Wednesday, December 14, 2011

Matt Damon, Cameron Crowe Respond To David Denby 'Zoo' Insult

Our long national nightmare is over. After last week’s dust-up over the embargo on “Girl With the Dragon Tattoo” reviews and the many issues it raised for both The New Yorker and movie critics everywhere, that embargo has lifted. As a result, a dozen reviews have now been posted on Rotten Tomatoes, 11 of which are positive. All is right with the world.

Well, all is sort of right with the world. The movie “We Bought a Zoo” — director Cameron Crowe’s tale of a widower (Matt Damon) who purchases (you guessed it) a zoo — inadvertently got dragged into the fray via that published series of e-mails between “Dragon Tattoo” producer Scott Rudin and embargo-busting New Yorker critic David Denby. (Memory refresher: Denby told Rudin he had to run his film review early because, among other reasons: “We had a dilemma: What to put in the magazine on December 5? Certainly not ‘We Bought the Zoo,’ or whatever it’s called.”)

Over the weekend, I interviewed Crowe and Damon for a story that will appear in this weekend’s Sunday Style section. It only seemed fair to give them a chance to respond to Denby’s dismissal of their movie. Here’s what they had to say.

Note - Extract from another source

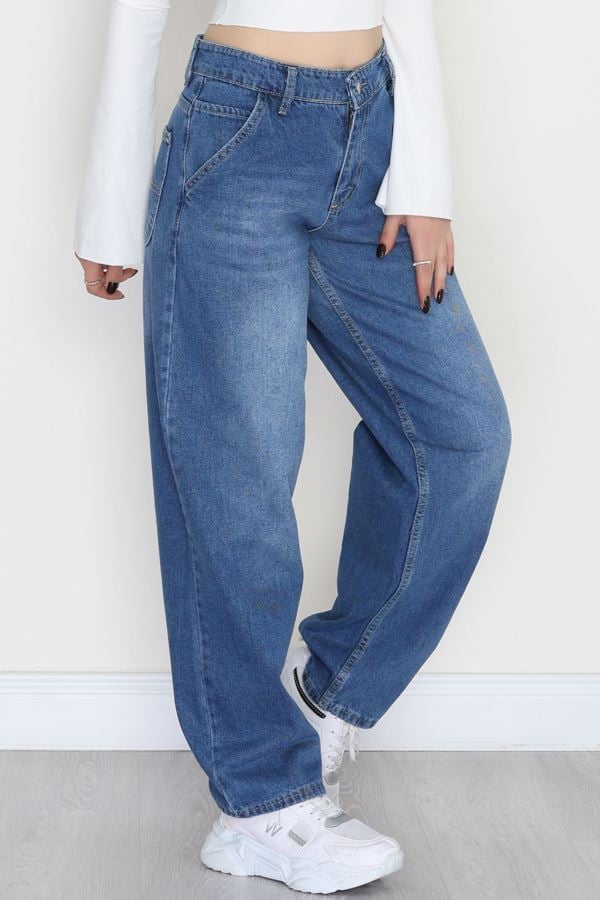 Baggy Kot Pantolon Laci - 31160.2059.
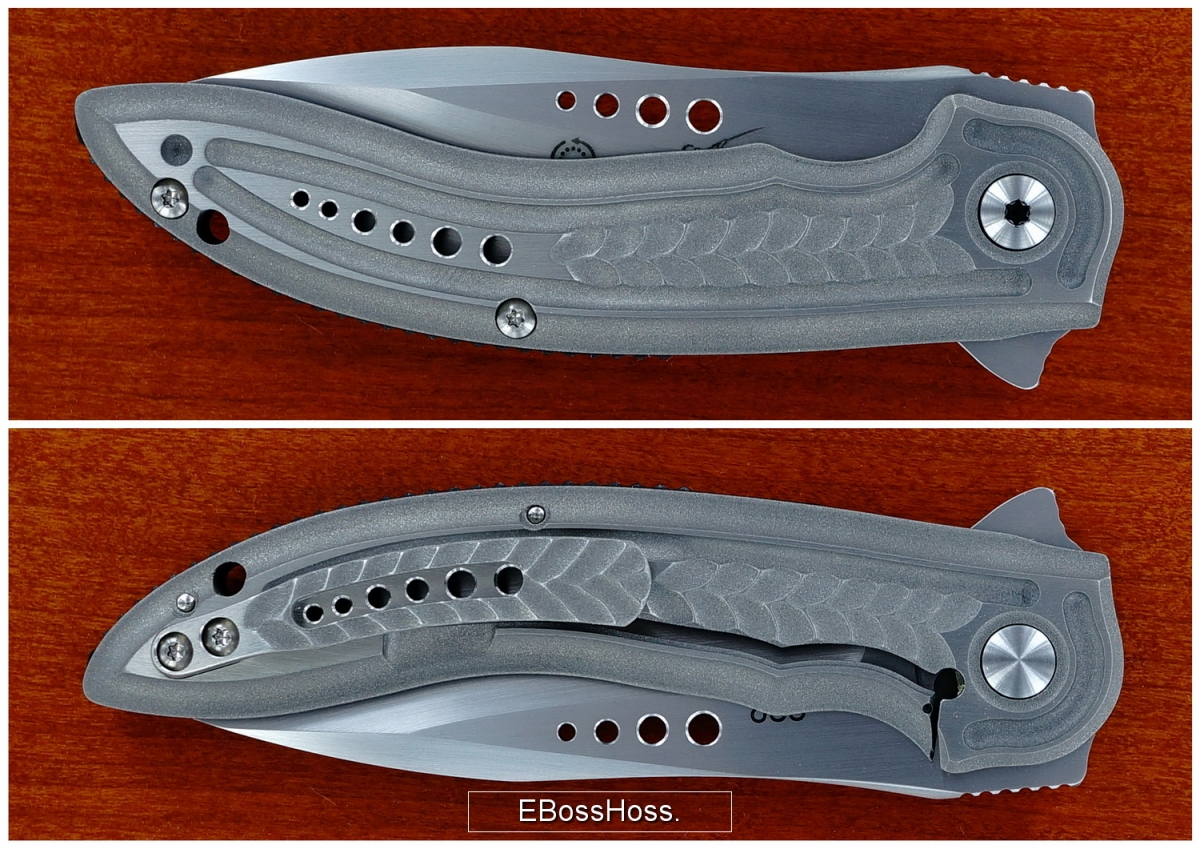 Flavio Ikoma Custom Rio Flipper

(For the record, Damon hadn’t even heard about this whole episode, which afforded me the opportunity to quickly summarize this entire, semi-ridiculous affair for the benefit of Jason Bourne. Needless to say, this was an honor.)

What was your response to what Denby wrote? And as a follow-up, do you think critics tend to look askance automatically at films that have positive messages?

Crowe: When I read that, I thought, there are so many movies in the holiday season, and it’s so easy to make quick choices based on a lack of information. And he should see the movie. I’m actually anxious for him to see the movie. ... It’s a time filled with cynicism, and there’s a lot of movies about that, and this one is a little bit about hope and a lack of cynicism. And it deserves a place along with every other movie that’s about the gritty experience of what it’s like to be alive. This movie’s a little bit about moving on from that and learning how to bring some joy into your life.

Whatever you hear about it, I say go see it, and you’ll see that we’re different from a lot of movies. And that goes for David Denby, too.

Do you find it challenging to be in the entertainment industry and make projects that are non-cynical but also have some brains behind them?

Damon: I think it’s probably more difficult to be non-cynical and be a critic. I think it probably takes more guts for a critic to admit that this movie gets to them than it will for them to bash it, you know. But I love movies. And a movie like “Jerry Maguire,” for instance — I don’t have any problem admitting that that movie made me cry. And it made me cry a month ago when I saw it again. It just gets to me. I don’t feel like an overly optimistic or overly cynical person, but I do, I will give myself away to a movie as long as the movie doesn’t betray me. So a movie like ”Jerry Maguire” is perfect because I have that cathartic experience, and I don’t feel cheap afterwards, you know?

But I think that’s harder for movie critics. I remember Anthony Minghella telling me — he was a guest critic for a newspaper in London. He said, “It was incredible how quickly I devolved into vitriol and how I had to restrain myself from being just reductive.” He said, ”And I make movies, and I know how difficult it is even to make a bad movie.” There’s so much work that goes into this. So he goes, “I understand critics better now after having this experience of being critic for a month for this paper.”

Crowe: I feel like I am still a journalist. I still do that, and I love it. I know what the life of the critic is, and I get it. And you can make snap judgments that can change on a second’s notice because you’re sitting around with your friends and then you decide this is how we feel about something.

The Denby thing was almost funny to me because I felt like we were the people sitting at a table at the bar and this barroom brawl breaks out and they spill onto your table and you get knocked out. [Crowe and Damon both laugh.] So I’m like, hey man, I’m just having a sandwich here and Scott Rudin and David Denby just came twirling across and I got my jaw broken. It’s kind of like old-time theatrical business. Those two were tangling, and that was a private e-mail, and it was fun to happily watch from afar.